**What this task involves**
Every line of the listing that contains the word "Shirt" is to be copied out.

====

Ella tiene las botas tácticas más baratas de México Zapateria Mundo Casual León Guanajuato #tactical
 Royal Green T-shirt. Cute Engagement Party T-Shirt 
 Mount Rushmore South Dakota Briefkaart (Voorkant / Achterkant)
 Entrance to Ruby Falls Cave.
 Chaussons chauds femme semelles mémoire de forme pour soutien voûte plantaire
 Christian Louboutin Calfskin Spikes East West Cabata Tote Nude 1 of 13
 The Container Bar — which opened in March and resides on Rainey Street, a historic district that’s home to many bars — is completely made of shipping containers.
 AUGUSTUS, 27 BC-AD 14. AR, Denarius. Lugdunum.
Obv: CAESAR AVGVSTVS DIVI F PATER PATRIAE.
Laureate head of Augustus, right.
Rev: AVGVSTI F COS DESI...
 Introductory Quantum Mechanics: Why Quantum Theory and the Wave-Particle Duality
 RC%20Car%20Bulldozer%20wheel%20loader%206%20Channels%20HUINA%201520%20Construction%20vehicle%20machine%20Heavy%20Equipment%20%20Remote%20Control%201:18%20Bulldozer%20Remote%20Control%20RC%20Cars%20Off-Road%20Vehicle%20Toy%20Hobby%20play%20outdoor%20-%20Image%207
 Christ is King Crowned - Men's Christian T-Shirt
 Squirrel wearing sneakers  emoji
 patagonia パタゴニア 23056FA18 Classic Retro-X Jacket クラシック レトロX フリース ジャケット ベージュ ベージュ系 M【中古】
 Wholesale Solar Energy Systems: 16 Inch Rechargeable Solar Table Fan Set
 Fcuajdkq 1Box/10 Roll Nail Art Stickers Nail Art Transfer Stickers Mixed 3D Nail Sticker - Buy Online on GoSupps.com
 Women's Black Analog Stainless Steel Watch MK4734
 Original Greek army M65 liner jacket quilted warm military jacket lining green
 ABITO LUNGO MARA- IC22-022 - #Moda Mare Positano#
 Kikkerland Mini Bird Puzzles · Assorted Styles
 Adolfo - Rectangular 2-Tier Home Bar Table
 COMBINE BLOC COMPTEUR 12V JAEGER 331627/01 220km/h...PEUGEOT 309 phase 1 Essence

====

**Result below**
 Royal Green T-shirt. Cute Engagement Party T-Shirt 
 Christ is King Crowned - Men's Christian T-Shirt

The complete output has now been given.